A fanatic with a box cutter can be dangerous; but he is no Grande Armée...no Wehrmacht...no Japanese Imperial Army. He is not a worthy opponent for the Pentagon, in other words; for there is no glory in picking on someone who's not your own size.

As the week moved on, glory turned to embarrassment. The terrorist was not armed. He didn't use his wife as a human shield. He didn't live in a mansion surrounded by armed guards. Instead, it began to look like the SEALS had gunned down a sick, broken old invalid.
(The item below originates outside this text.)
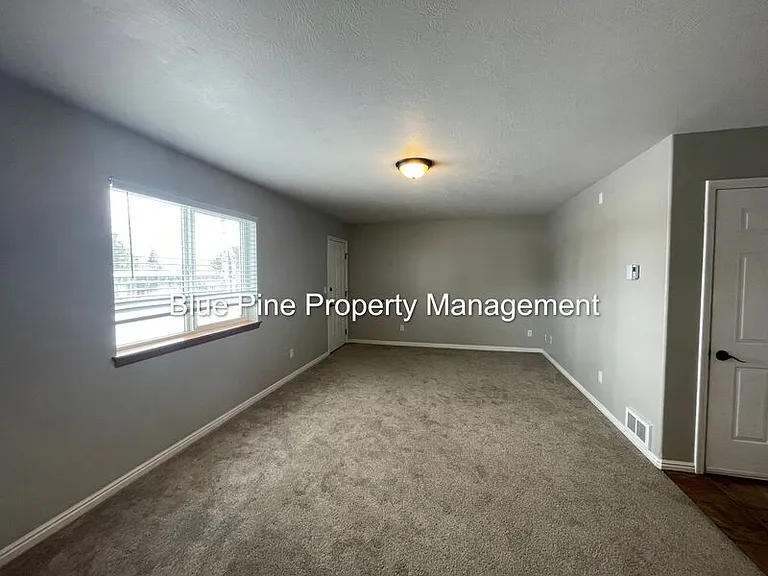 1455 Fox Ct — Photo 19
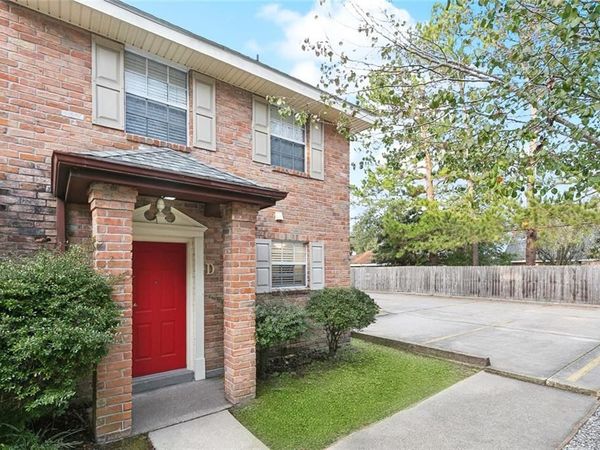 29 BRANDON HALL Drive, Unit D, Destrehan, LA 70047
But what an opportunity! Forget the messy court trials. Who knows how they might turn out...or what information they might reveal? The government spends a fortune trying to convict mobsters and drug pushers, for example. Why not just declare war on them, and send in hit squads? And now the SEC is laboring hard to convict a fund manager in the Galleon case. It would be so much simpler to label SEC violators 'financial terrorists' - and let drones take care of them.
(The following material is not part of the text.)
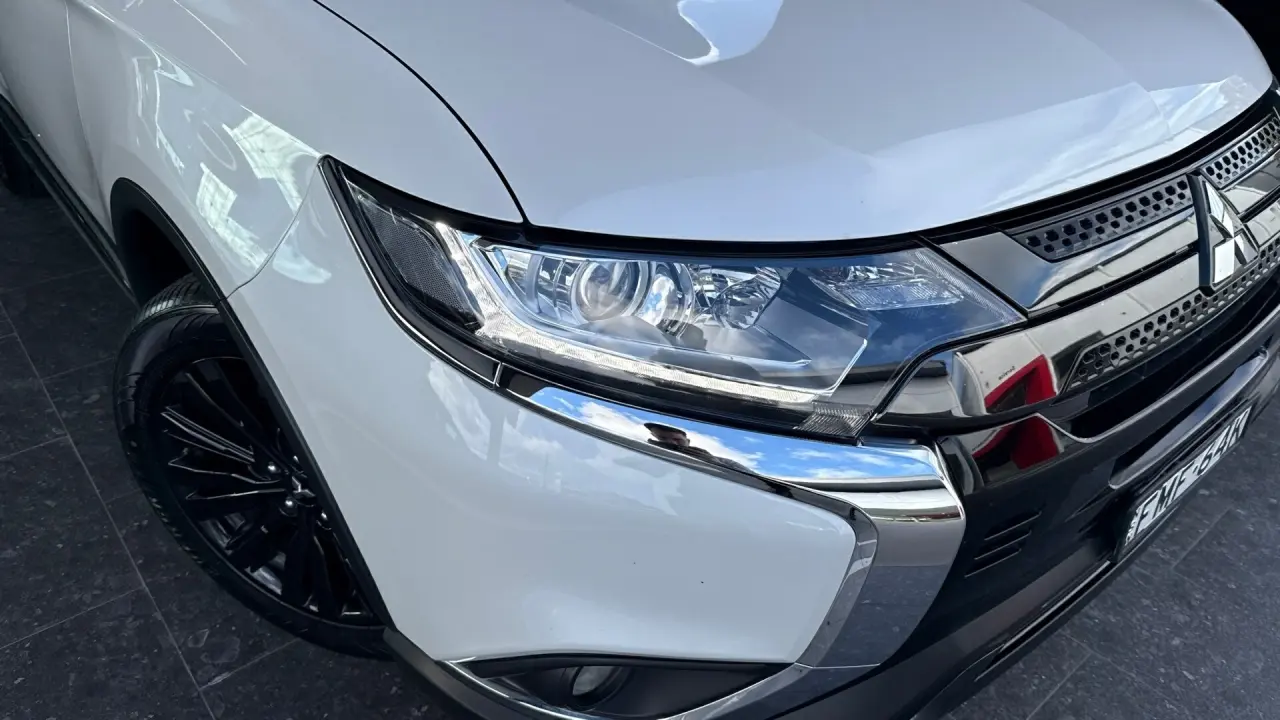 2020 MITSUBISHI OUTLANDER Gallery Image 3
But wait, we're missing the biggest opportunity of all. Other countries have done it for years; why shouldn't we? Instead of defeating political enemies at the polls, why not just say you are at war with them and take them out? Take Donald Trump, for example. Here at The Daily Reckoning, we are warming up to Mr. Trump. He is our kind of politician. Too rich to steal. Too dumb to lie. But he is surely a threat to the Republic. So why not call in a drone attack?

Why waste drones on Osama bin Laden? He posed no real threat to the government of the United States of America. Even in his own backyard, he was a loser. He was unable to take over a single woebegone, Muslim- drenched country in the Mid-East. There was never any question that he would be able to defeat the US.

Nor was he a substantial threat to the American people. For all his box cutters and suicidal followers, statistically - according to The Financial Times - he did less damage to Americans than accidents caused by wild deer. In the 10 years following the announcement of the War on Terror, as far as we know, he was not responsible for a single North American casualty. As a general, he was worse than any we ever heard of; even Sir Douglas Haig was not that bad.

Osama bin Laden didn't pose a threat to the US or its people; instead, the danger he posed was more like the danger of an interest-only, low- doc, automatically reset mortgage with a teaser rate. Bin Laden, in an early video address, announced his strategy. He could sucker the US into spending an enormous amount of money to combat him. He would not try to defeat the US on the field of battle; instead, he would lure the giant into expenses it could not afford.

And lo, it has come to pass just as the bearded one forecast. According to The Financial Times, the US has spent $2 trillion on the war against terror...or about a million times more than Osama bin Laden spent.